English electrical engineer and politician
Sir (Collingwood) George Clements Hamilton, 1st Baronet (1 November 1877 – 12 January 1947) was an English electrical engineer and Conservative Party politician.[1]
Born in Northumberland,[2] he was the son of a prominent Church of England cleric, the Venerable George Hans Hamilton, Archdeacon of Lindisfarne then Northumberland, Canon of Durham and his wife Lady Louisa Hamilton.[1]
Early career and family
Following education at Aysgarth School and Charterhouse School, he was apprenticed to the firm of Scott & Mountain Ltd, a Newcastle-based electrical and general engineering company. He represented the company in various countries including India, Bulgaria, Greece, Russia and Egypt.[1] He subsequently became the managing director of the Manchester branch of Drake & Gorham, electrical engineers.[3]

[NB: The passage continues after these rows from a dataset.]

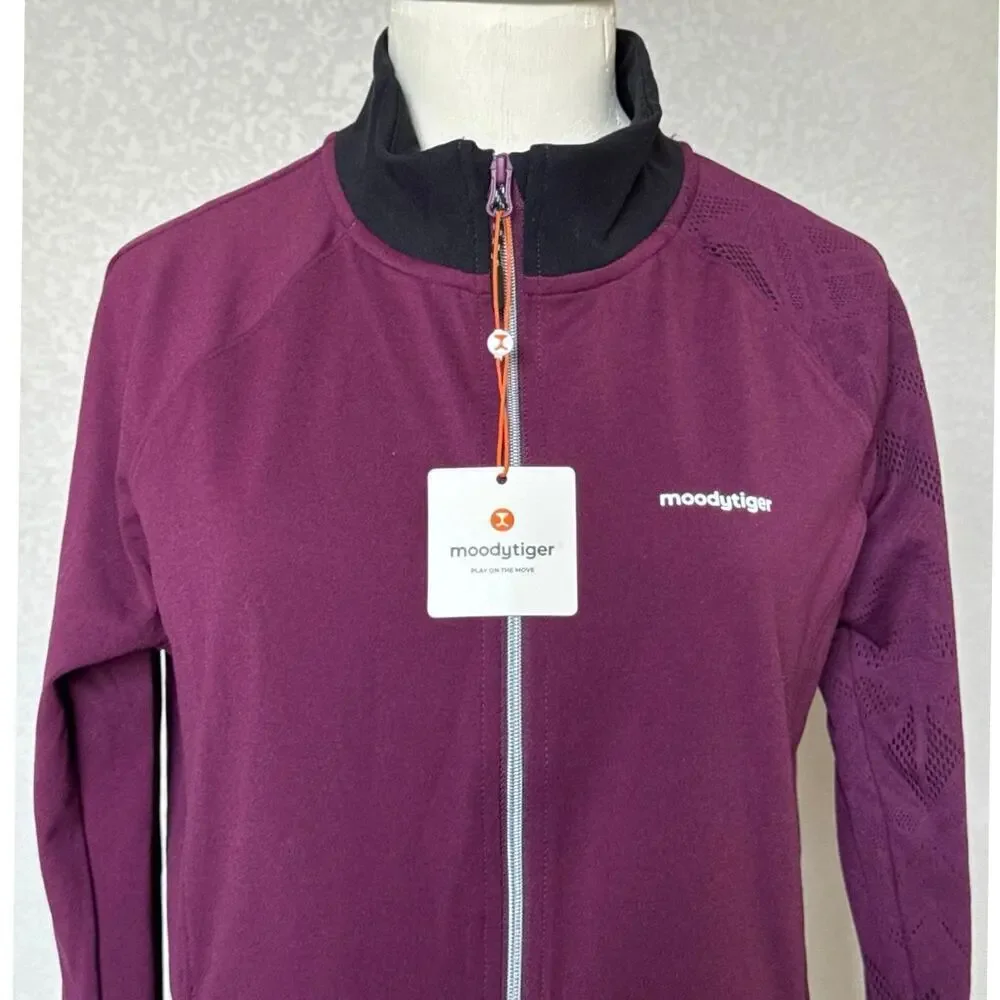 Girls' Purple Active Jacket with Thumbhole Cuffs
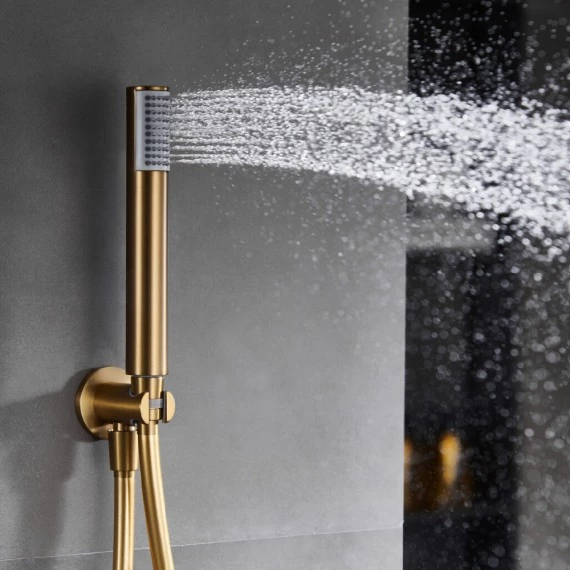 Смеситель для душа скрытого монтажа готовый комплект верхний душ ø25cм imex monza gpm039/oc brushed gold pvd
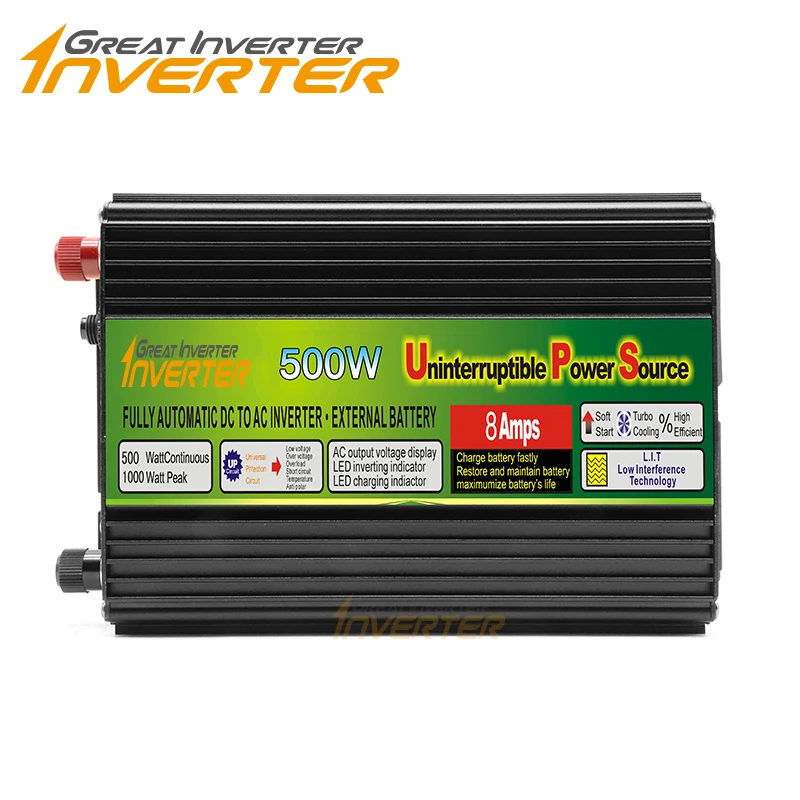 500W Off Grid Inverter with Charger, MAX 1000W UPS DC12V AC110V/220V Modified Sine Wave Power Inverter with charge function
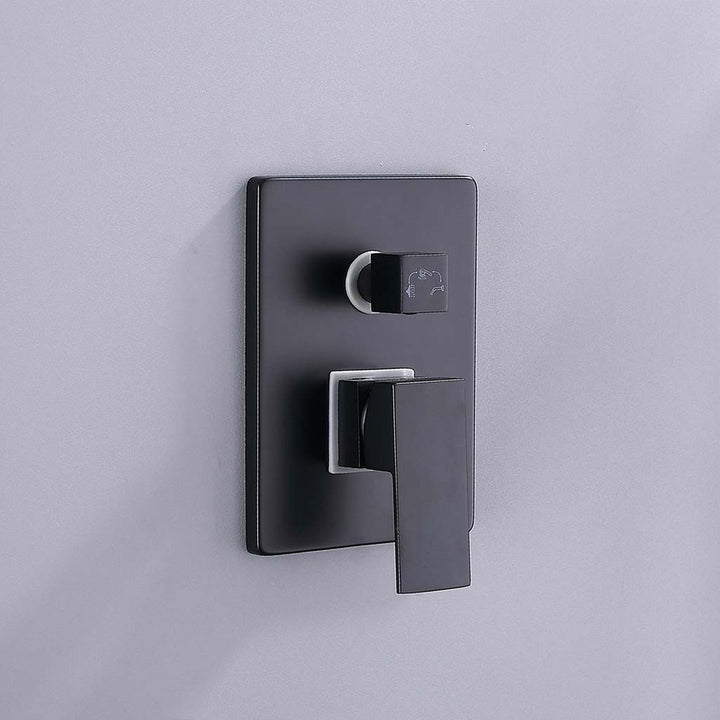 Black square shower system control valve with handle detail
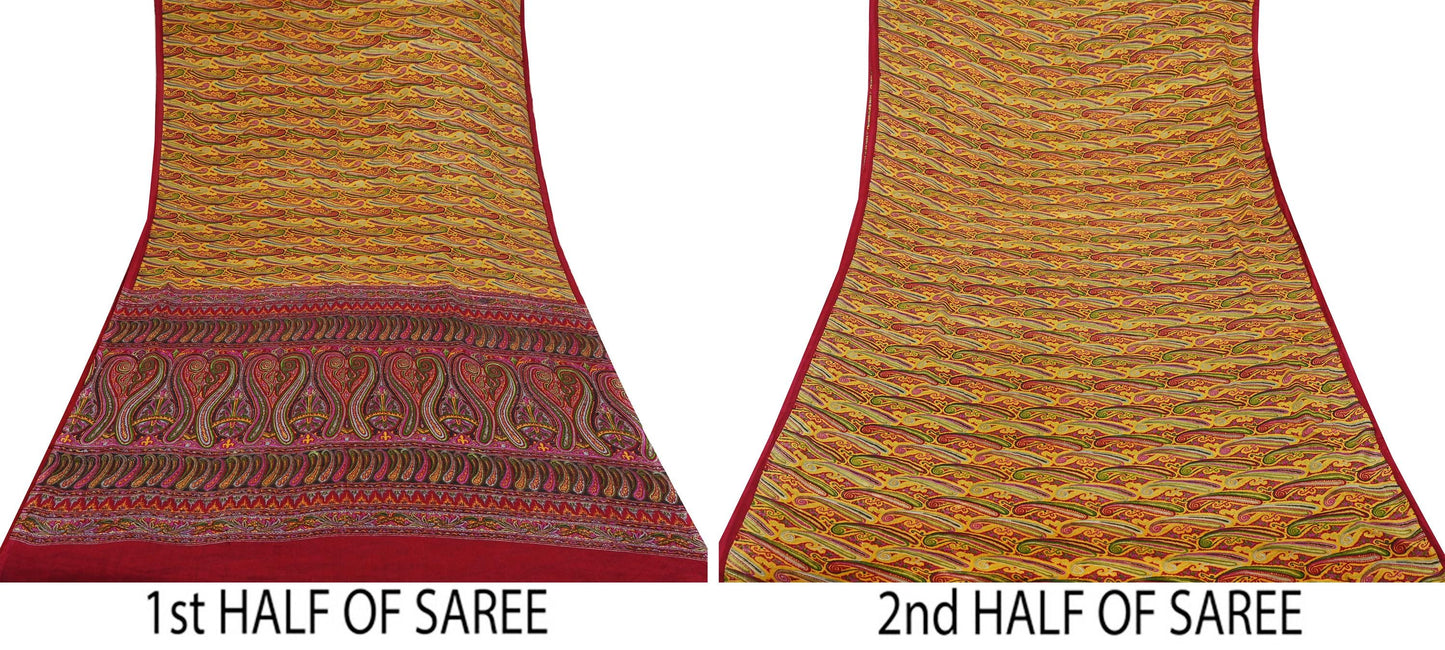 Indian Vintage Sari Red & Yellow Pure Silk Printed Saree Fabric 5yd Sewing Craft Fabric DressMaking Soft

He married Eleanor Simon of Didsbury in 1906, and they had one son and one daughter.[1]
War service
During World War I he was commissioned as an officer in the Queen's Westminster Rifles, the 16th Battalion of the London Regiment, rising to the rank of major.[1] In October 1916 he was transferred to the General List.[4] He was appointed Director of Enrolment National Service in 1917 and Controller of Contract Claims at the Ministry of Munitions in 1918.[1][5]
Political career
From 1910 to 1913 he was a councillor on the Knutsford Urban District Council.[6]
In 1913 he won a by-election and was elected to the Commons as Conservative Member of Parliament (MP) for Altrincham. He served as Parliamentary Private Secretary to the Minister of Pensions from 1919 to 1920.[1] He held the seat until 1923. He returned to parliament at another by-election at Ilford in 1928. He resigned from the House of Commons in 1937.
He was knighted in 1922 Birthday Honours,[5][7] and made a baronet in the 1937 Coronation Honours "for political and public services".[8][9]
Later life
Hamilton moved to Cransford Hall, near Saxmundham in Suffolk. He became a member of East Suffolk County Council, and was chairman of two companies: the Expanded Metal Company and the National Group of Fixed Trusts.[1]